Narlı, AKP'ye verilen desteğin arkasında iki önemli etken olduğunu söyledi: Birincisi; Türkiye'deki İslamcı hareketin düşüşe geçmemesi, ikincisi de Tayyip Erdoğan'ın toplumun yüzde 25 gibi önemli bir oranı tarafından problemleri çözebilecek bir lider olarak görülmesi.
İki araştırmayla Erdoğan
Narlı, bu konuda ilki 1996'da ikincisi de 2001'de yaptığı iki çalışmasını hatırlattı. Narlı'nın çalışmasına göre; 1996'da yapılan araştırmada Erdoğan, Başbakan Bülent Ecevit'ten sonra sorunları çözebilecek ikinci lider olarak görülüyordu. 2001 yılında yapılan araştırmada ise Erdoğan, Ecevit'i geçerek hem "sorunları çözebilecek" hem de "başarılı" görülen bir lider olarak tespit ediliyor.
İki ihtimal var
Narlı, Erdoğan'ın milletvekili adayı olmasının engellenmesi halinde iki olasılık bulunduğunu söyledi: Bunlardan biri karara tepki duyan kesimlerin oylarının AKP'ye geçmesi olasılığı. İkincisi ise, seçmenin devletin dışladığı bir lidere destek vermek istemeyebileceği olasılığı.

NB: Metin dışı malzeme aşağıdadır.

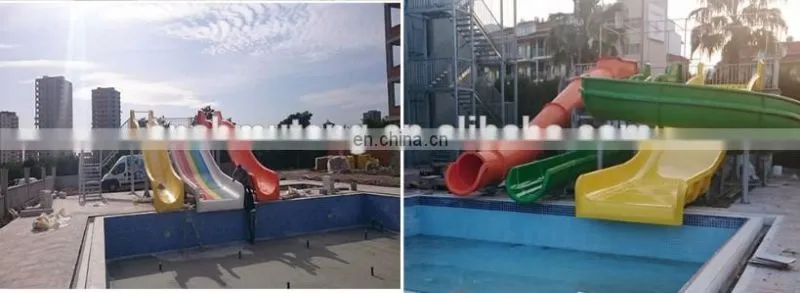 Fiberglass Slide Optimal Water Park Attraction For Recreation Pool Center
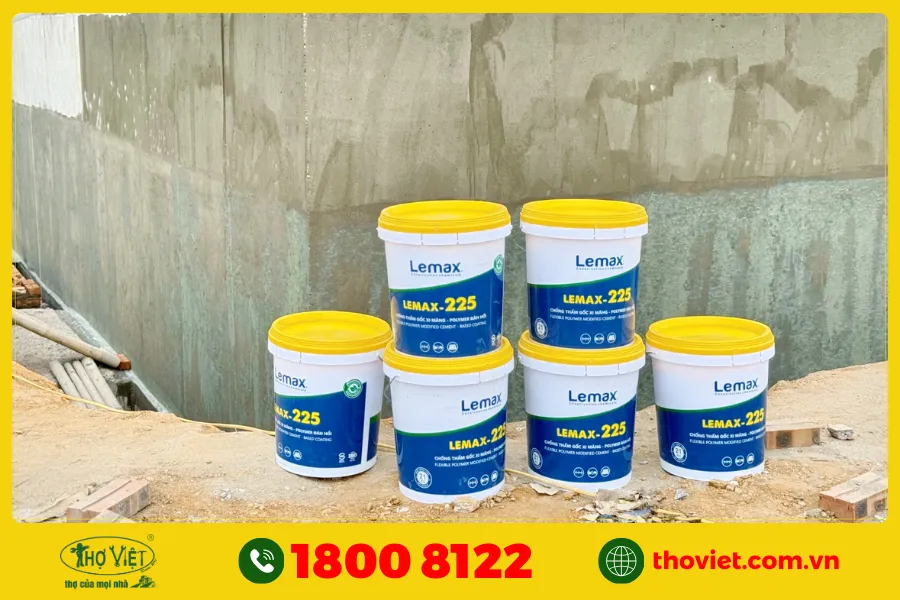 Vữa chống thấm gốc xi măng - polymer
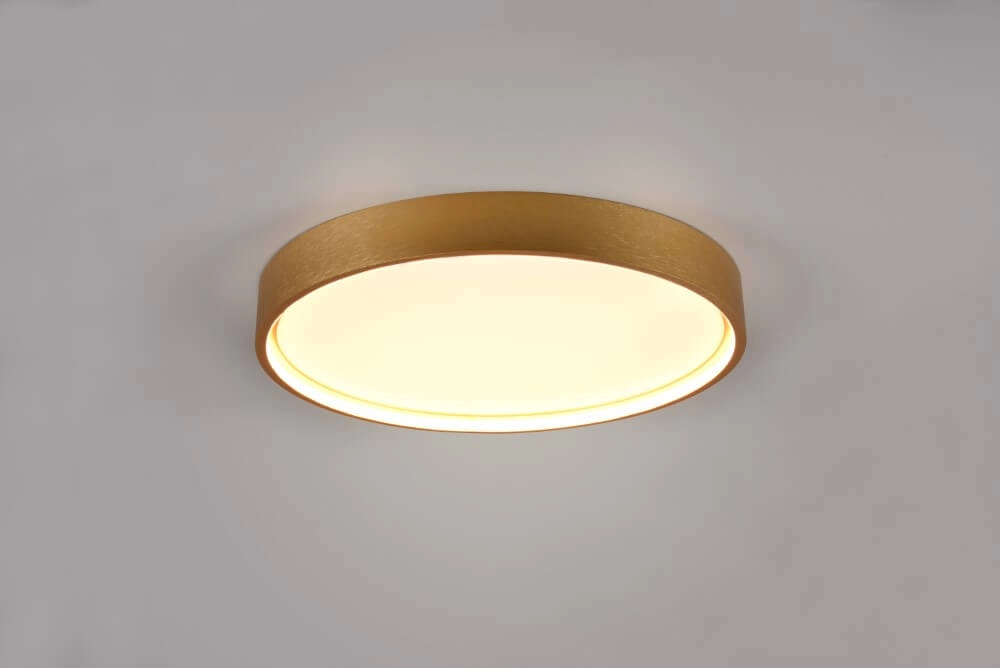 Weiß mit goldener Deckenlampe Doha Trio 4017807575019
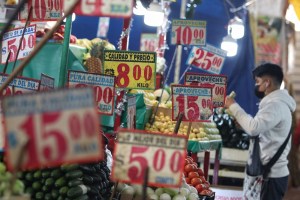 Inflación llega a 8.15% presionada por alza en alimentos. Noticias en tiempo real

Prof. Narlı'ya göre ülkede şu an büyük bir belirsizlik var ve bu belirsizlik içinde iki ihtimalden hangisinin daha baskın çıkacağını kestirmek şu an için güç.
Erdoğansız bir AKP'nin oylarının en fazla yüzde 5 azalabileceğini söyleyen Narlı, partiye olan ilginin AKP'yi temsil etsin veya etmesin Erdoğan'ın fikirleri, karizması ve oluşturduğu kadro ile ilgili olduğunu belirtti.
AKP'yi söylemde ilerleyip bunu uygulamaya dökmemekle eleştiren Narlı, AKP'nin programında kadınlara önem verilmesi gerektiğini söylemesine karşın çok az kadını aday göstermesini örneğine işaret etti.
Mert: Türk halkı o kadar duyarlı değil
Bilgi Üniversitesi Öğretim Üyesi Dr. Nuray Mert de Erdoğan'a aday olma yasağının getirilmesinin Türk halkında fazla bir karar değişikliği yaratmayacağı görüşünde: Türk halkı siyasal gelişmelere her an duyarlılık geliştirebilen bir halk değil. O nedenle AKP tabanında çok fazla oynama olacağını sanmıyorum. Partiye ilgide artış da olmaz çünkü şimdiye kadar kararını veren vermiştir.